2 tablespoons flax plus 8 tablespoons water
1/3 heaping cup oats
1 can chickpeas (15 ounces) drained and rinsed
1/4 cup coconut oil
2/3 cup sugar
3/4 cup unsweetened cocoa powder
1 teaspoon vanilla
1/8 teaspoon salt
2 teaspoons baking powder
1 heaping cup semi-sweet chocolate chips
additional chocolate chips, optional

Preheat oven to 350F degrees. Line a 9x9-inch pan with parchment paper and oil very lightly.

Combine flax and water in a small bowl and set aside. Meanwhile, pulse oats in food processor until they become a flour-like consistency. Add chickpeas, oil, sugar,cocoa, vanilla, salt and baking powder. Pulse for a minute or two. Add the flax and water. Process until the mixture is very creamy. You don't want any chunks.

If your mixture seems dry, add water a little bit at a time. The batter should be thick so that you have to scoop it out. It shouldn't be pour-able. Stir in chocolate chips and then spread batter into prepared pan. Sprinkle additional chips on top and press down gently.

Bake for about 25 to 30 minutes. Let cool completely and refrigerate leftovers.

Wednesday, September 2, 2015

Cashew Butter Chocolate Brownies


These are super creamy and stay fresh for several days. I highly recommend storing them in the refrigerator and eating them cold.



Cashew butter is wonderfully neutral and really allows the chocolate flavor to come through. However, I think you could substitute peanut or almond butter.


You could cut back on the flax seed if you want a slightly less grainy texture. Also, I'm pretty sure these would be great, and even more chocolate-ly, with the addition of some cocoa powder. I was out when I created this recipe.

The Recipe

makes about 15 bars in a 13x9-inch pan

1 1/2 cups flour (I used almond and oat flour)
2 tablespoons ground flax seed
3 eggs
1 cup sugar
1/4 cup oil (I used coconut)
1/2 cup unsweetened applesauce
1 teaspoon vanilla
1/2 teaspoon salt
1/4 cup chocolate syrup (I used this non-dairy kind)
1/2 cup cashew butter
12 ounces semi-sweet chocolate chips - divided

Preheat oven to 325F degrees. Line a 13x9-inch pan with parchment paper or aluminum foil. Oil lightly.

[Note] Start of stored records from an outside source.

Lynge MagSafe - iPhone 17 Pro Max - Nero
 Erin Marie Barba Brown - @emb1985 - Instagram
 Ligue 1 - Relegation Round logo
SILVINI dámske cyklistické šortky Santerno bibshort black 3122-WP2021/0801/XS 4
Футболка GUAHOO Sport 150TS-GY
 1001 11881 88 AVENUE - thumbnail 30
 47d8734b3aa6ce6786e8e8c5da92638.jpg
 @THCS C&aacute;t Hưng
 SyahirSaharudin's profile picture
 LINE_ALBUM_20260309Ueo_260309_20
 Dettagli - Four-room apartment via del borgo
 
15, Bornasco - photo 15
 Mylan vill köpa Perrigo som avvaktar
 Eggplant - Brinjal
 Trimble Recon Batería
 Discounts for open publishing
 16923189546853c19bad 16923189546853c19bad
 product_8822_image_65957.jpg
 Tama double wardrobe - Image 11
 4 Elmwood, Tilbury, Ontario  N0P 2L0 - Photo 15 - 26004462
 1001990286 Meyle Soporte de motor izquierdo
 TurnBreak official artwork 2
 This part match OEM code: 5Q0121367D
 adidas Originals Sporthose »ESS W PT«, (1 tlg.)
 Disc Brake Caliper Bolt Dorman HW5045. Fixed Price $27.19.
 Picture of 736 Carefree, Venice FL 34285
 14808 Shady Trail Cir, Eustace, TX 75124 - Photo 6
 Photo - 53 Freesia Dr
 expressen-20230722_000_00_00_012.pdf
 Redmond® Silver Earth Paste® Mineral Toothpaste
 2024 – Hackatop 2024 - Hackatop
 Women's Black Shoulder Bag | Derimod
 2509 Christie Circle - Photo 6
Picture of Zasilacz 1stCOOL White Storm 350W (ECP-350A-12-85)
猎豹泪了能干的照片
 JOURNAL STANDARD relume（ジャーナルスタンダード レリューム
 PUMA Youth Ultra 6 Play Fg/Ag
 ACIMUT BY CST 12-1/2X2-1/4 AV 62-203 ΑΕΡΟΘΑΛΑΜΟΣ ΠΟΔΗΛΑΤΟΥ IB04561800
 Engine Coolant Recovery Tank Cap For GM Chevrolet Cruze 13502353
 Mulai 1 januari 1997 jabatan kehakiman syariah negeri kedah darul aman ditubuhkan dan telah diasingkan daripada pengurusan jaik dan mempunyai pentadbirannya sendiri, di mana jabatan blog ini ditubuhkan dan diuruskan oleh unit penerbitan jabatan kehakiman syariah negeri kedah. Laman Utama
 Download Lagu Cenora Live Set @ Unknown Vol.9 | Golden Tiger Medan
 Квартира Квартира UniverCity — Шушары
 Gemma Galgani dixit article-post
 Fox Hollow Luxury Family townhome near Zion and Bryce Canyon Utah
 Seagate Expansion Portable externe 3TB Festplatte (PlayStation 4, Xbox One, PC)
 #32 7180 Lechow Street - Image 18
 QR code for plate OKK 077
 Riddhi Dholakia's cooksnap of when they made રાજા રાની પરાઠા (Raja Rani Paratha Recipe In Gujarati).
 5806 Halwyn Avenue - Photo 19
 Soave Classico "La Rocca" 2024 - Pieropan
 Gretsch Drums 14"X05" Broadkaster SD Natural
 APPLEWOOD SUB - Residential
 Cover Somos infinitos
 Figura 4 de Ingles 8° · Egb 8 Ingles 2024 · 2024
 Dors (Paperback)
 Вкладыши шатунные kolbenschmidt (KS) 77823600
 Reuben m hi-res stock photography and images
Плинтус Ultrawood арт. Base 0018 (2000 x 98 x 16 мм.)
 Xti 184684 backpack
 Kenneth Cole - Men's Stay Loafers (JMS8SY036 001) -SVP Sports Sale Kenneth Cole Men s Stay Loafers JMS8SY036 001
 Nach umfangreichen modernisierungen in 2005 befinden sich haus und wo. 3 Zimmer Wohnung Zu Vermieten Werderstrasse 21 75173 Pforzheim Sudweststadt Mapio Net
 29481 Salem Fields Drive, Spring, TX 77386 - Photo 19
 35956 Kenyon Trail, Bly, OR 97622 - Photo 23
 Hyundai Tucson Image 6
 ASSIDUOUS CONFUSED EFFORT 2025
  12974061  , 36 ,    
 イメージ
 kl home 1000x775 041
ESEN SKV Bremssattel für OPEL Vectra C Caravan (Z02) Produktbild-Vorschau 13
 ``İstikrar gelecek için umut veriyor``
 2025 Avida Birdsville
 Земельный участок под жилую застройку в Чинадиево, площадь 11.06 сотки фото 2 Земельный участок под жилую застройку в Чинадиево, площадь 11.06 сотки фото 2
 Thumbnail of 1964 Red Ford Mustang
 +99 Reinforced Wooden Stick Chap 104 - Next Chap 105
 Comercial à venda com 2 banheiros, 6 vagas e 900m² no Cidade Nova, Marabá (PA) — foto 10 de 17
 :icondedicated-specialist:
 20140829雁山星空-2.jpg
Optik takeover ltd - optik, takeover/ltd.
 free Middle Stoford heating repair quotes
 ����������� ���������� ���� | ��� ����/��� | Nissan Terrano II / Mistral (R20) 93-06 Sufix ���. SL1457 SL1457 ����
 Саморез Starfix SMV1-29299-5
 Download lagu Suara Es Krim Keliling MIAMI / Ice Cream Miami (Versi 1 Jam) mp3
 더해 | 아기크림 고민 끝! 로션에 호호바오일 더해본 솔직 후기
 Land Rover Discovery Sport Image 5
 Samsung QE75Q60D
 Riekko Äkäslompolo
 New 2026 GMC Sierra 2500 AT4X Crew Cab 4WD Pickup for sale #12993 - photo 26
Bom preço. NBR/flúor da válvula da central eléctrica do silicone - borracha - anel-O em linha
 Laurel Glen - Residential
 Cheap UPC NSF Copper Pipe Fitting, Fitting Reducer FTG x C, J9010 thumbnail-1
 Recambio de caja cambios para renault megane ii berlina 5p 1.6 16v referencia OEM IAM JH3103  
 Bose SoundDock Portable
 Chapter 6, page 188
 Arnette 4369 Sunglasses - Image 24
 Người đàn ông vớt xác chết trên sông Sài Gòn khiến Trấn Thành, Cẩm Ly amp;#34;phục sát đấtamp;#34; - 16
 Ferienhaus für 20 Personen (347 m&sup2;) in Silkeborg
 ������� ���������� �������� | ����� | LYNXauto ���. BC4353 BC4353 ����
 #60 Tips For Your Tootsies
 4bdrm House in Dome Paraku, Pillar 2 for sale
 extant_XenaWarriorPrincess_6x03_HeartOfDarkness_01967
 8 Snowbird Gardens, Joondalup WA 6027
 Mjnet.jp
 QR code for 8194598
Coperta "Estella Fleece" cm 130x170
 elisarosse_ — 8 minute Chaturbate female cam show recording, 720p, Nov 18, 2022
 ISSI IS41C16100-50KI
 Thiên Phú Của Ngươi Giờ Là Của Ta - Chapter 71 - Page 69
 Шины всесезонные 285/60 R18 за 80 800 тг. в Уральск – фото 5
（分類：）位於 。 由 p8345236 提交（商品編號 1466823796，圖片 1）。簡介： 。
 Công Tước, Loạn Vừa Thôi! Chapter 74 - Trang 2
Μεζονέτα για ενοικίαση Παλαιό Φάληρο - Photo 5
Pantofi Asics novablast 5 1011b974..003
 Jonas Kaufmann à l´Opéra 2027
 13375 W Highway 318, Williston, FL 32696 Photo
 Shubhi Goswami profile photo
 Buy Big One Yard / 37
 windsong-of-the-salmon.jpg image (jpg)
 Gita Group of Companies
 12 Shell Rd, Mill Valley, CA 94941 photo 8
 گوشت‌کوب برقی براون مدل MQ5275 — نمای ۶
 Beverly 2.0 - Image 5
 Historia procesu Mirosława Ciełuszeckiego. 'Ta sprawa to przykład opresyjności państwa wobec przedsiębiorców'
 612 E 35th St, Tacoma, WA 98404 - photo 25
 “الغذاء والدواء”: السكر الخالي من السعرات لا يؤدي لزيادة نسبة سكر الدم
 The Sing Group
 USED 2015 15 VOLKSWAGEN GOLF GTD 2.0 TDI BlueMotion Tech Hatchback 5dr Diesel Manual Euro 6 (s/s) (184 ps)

Beat eggs in a large bowl. Add sugar, oil, vanilla, salt and chocolate syrup. Mix well.

Melt half of chocolate chips in a medium-sized bowl. Once melted, stir in cashew butter until well blended. Add this to the egg mixture.

Beat in flour and flax. Stir in the rest of the chocolate chips. Spread into prepared pan and bake for about 30 to 35 minutes. Do not overcook!

Friday, August 28, 2015

Banana Cornbread Muffins


I've had a lot of ripe bananas lately and was looking for creative ways to use them when I thought of this -- banana cornbread! Why not?



These muffins are super easy and are great for any meal because they're not too sweet. Top with jam for breakfast, or serve alongside some yummy soup or stew for dinner.



The Recipe

makes 12 muffins

1 banana

1/2 cup unsweetened applesauce
1/2 cup almond milk
scant 2 tablespoons coconut oil (or oil of your choice)
1 egg
1 cup cornmeal
1 cup flour
1/4 cup flaxseed
1/4 teaspoon salt

3 teaspoons baking poweder

Preheat oven to 350F degrees. Lightly oil a muffin tin or line with paper cups.

Mash banana in a large bowl. Mix in applesauce, milk, oil, egg and honey. Whisk until thoroughly combined. Stir in the rest of the ingredients, being careful not to over mix.

Bake for about 25 minutes or until golden brown on top. These go great with some raspberry or strawberry chia seed jam.

Friday, July 3, 2015

Cherry-Studded Seed Bread


This bread makes you feel good. It's not too sweet, kinda dense and moist. And I just love biting into one of those tart cherries. It was inspired by Angela's bread here.




Whisk the wet ingredients separately. The hot water helps to melt the cashew (or almond butter).




My bread was a little soft and under cooked in the middle, but I didn't mind. It's hard to get quick breads just right with the baking times! And this is vegan, so no worries about raw eggs.



The Recipe

makes one loaf

1 ripe banana

1/4 cup cashew butter (or almond butter)
1/2 cup unsweetened applesauce
1/3 cup almond milk (other other milk of your choice)
1 heaping tablespoon coconut oil
1 tablespoon chia seeds
1/3 cup boiling, or very hot, water
3/4 cup sugar
1 1/2 teaspoons vanilla
1 3/4 cups flour (I used oat and chickpea flour, and a little white)
1/2 teaspoon baking soda
1 teaspoon baking powder
3/4 teaspoon salt
1/2 teaspoon cinnamon
1/2 cup unsalted sunflower seeds (or other seeds like pepitas or flax)
1 cup pitted tart cherries (fresh or frozen)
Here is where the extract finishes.